====== AVAILABLE DATA

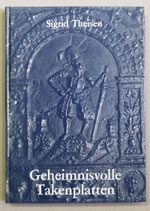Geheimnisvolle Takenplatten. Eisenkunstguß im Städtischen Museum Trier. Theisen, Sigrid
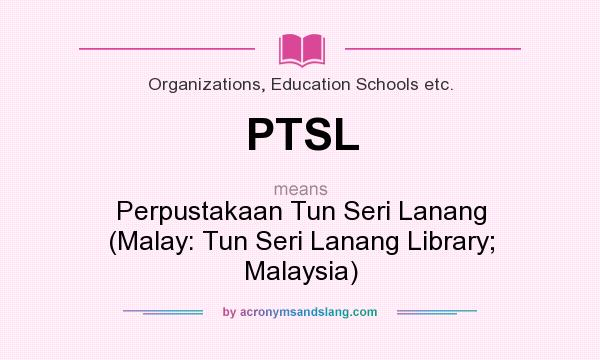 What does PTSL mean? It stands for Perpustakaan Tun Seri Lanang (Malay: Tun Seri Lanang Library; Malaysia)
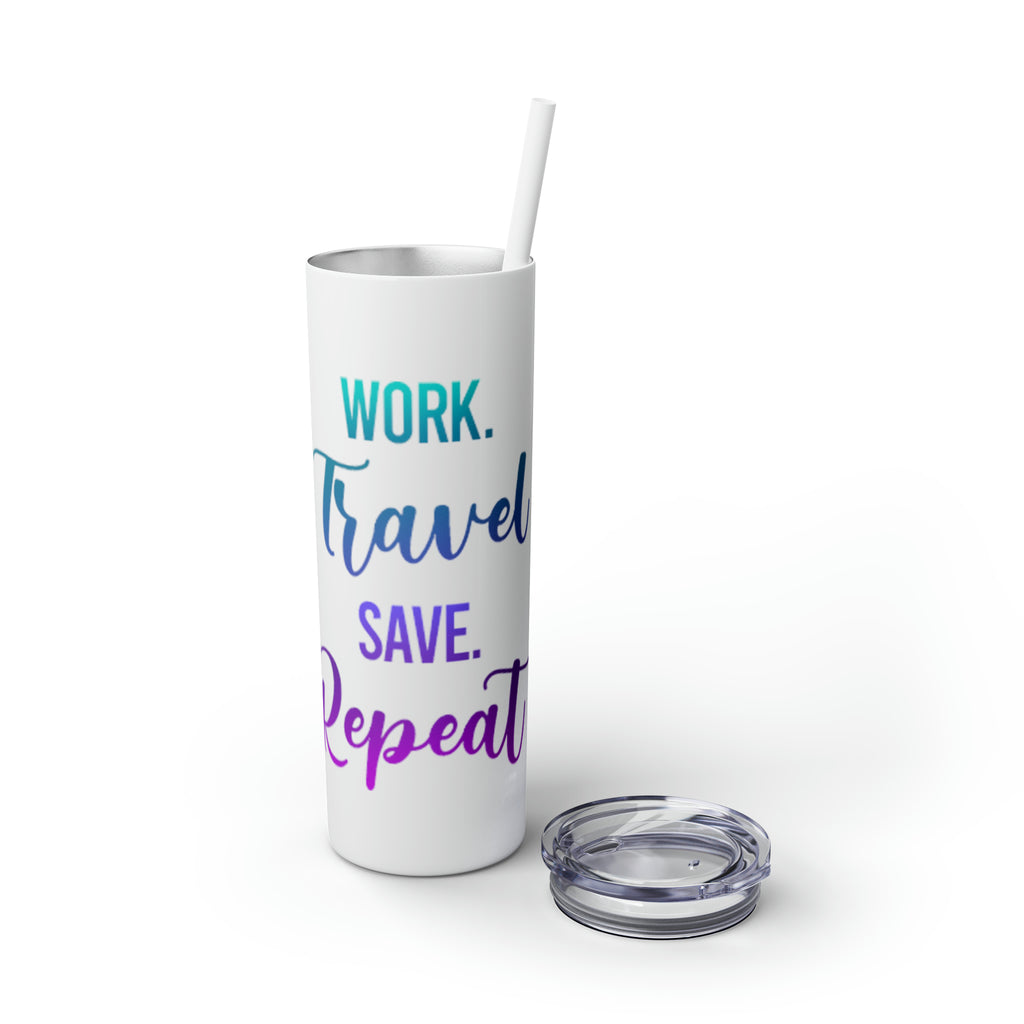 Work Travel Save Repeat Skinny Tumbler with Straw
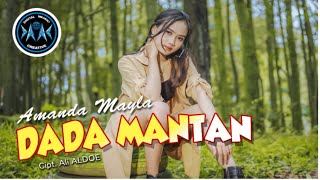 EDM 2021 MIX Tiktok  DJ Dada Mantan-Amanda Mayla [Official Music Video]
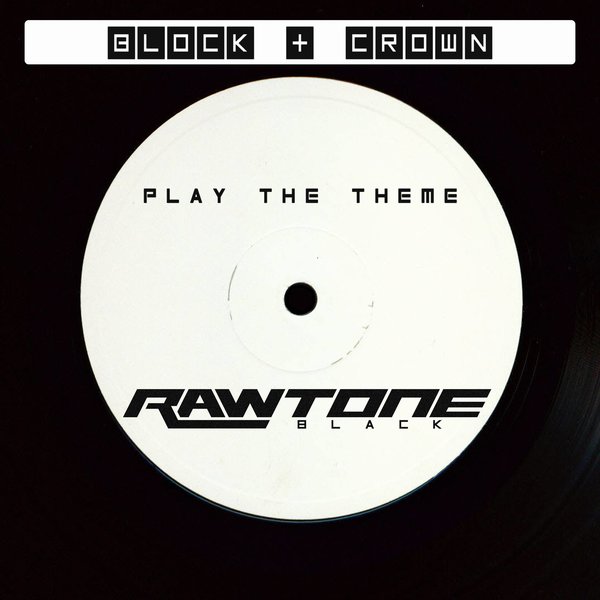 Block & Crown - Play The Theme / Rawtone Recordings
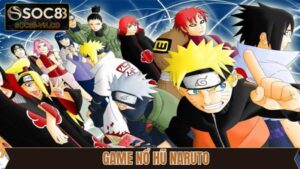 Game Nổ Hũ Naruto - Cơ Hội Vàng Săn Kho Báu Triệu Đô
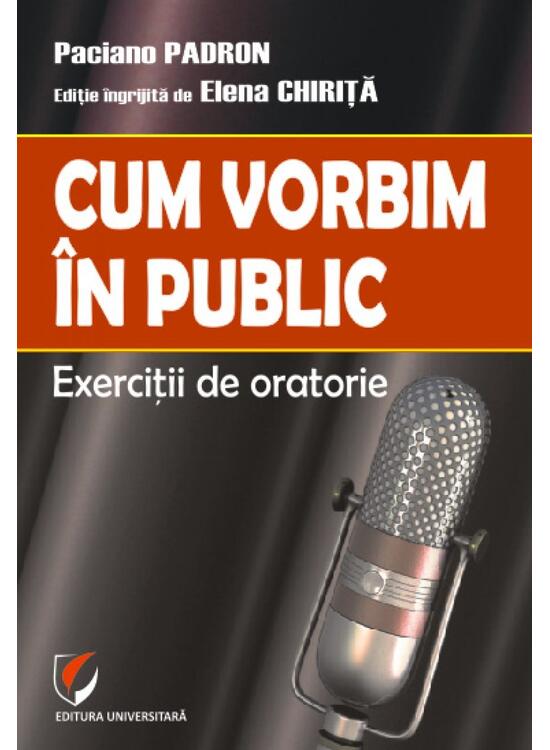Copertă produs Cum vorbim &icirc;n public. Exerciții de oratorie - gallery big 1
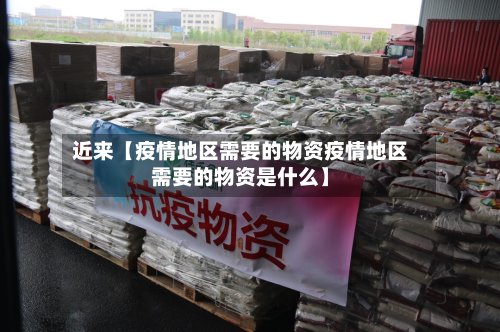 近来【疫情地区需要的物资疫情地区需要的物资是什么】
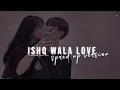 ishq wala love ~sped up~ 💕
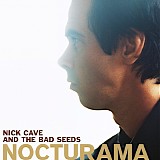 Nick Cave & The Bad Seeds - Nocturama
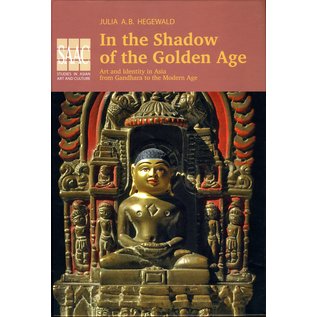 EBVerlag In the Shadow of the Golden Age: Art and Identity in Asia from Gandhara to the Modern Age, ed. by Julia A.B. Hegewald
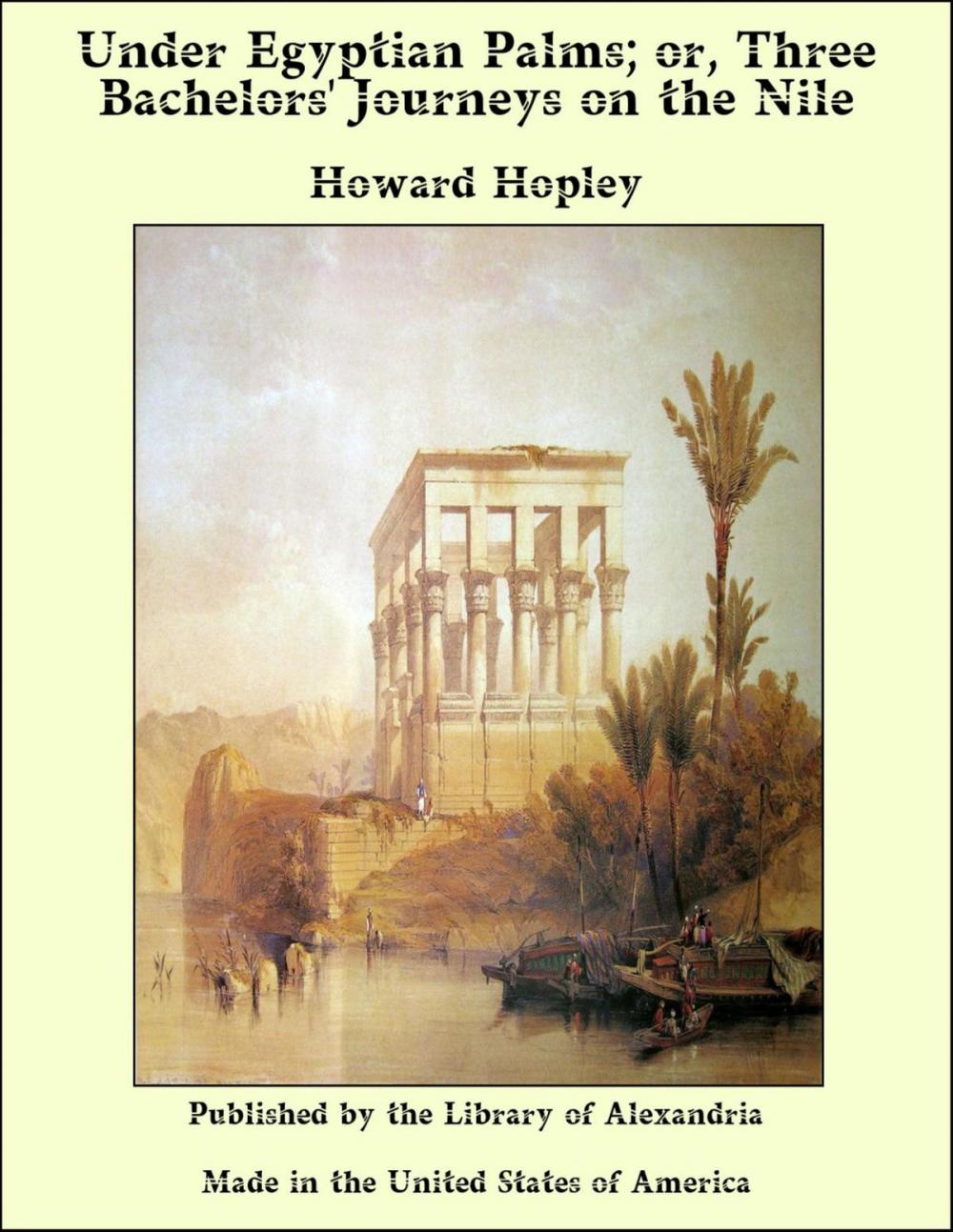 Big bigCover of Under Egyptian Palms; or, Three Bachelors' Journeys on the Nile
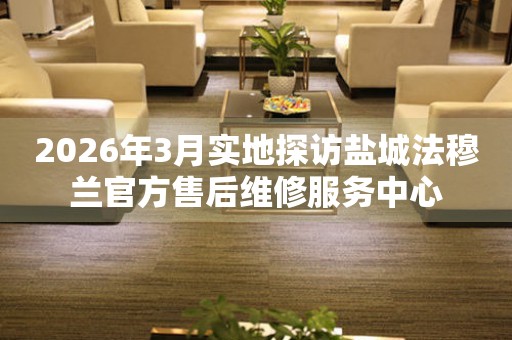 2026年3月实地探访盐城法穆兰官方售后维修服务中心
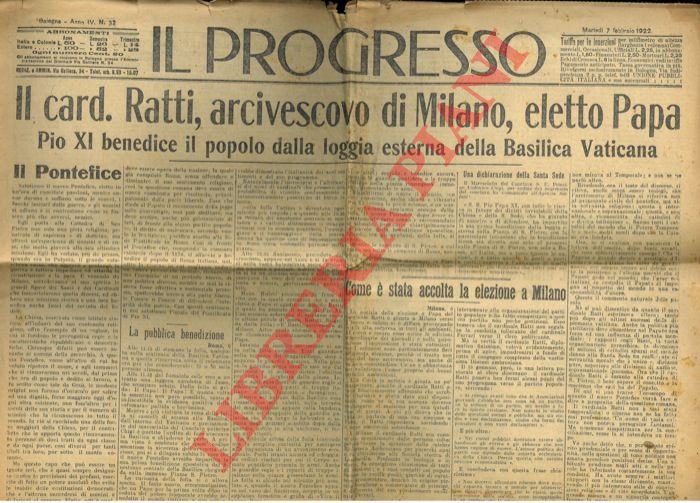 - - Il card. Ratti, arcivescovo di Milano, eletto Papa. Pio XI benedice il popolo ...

============

DESCRIPTION OF THE TASK: Because only one stretch of the records is wanted, please output the lines from the one holding "Work Travel Save" through the one holding "EBVerlag In the" exactly, both included, and leave every picture out.

OUTPUT FOR THIS TASK:
 Work Travel Save Repeat Skinny Tumbler with Straw
 EDM 2021 MIX Tiktok  DJ Dada Mantan-Amanda Mayla [Official Music Video]
 Block & Crown - Play The Theme / Rawtone Recordings
 Game Nổ Hũ Naruto - Cơ Hội Vàng Săn Kho Báu Triệu Đô
Copertă produs Cum vorbim &icirc;n public. Exerciții de oratorie - gallery big 1
 近来【疫情地区需要的物资疫情地区需要的物资是什么】
 ishq wala love ~sped up~ 💕
 Nick Cave & The Bad Seeds - Nocturama
 EBVerlag In the Shadow of the Golden Age: Art and Identity in Asia from Gandhara to the Modern Age, ed. by Julia A.B. Hegewald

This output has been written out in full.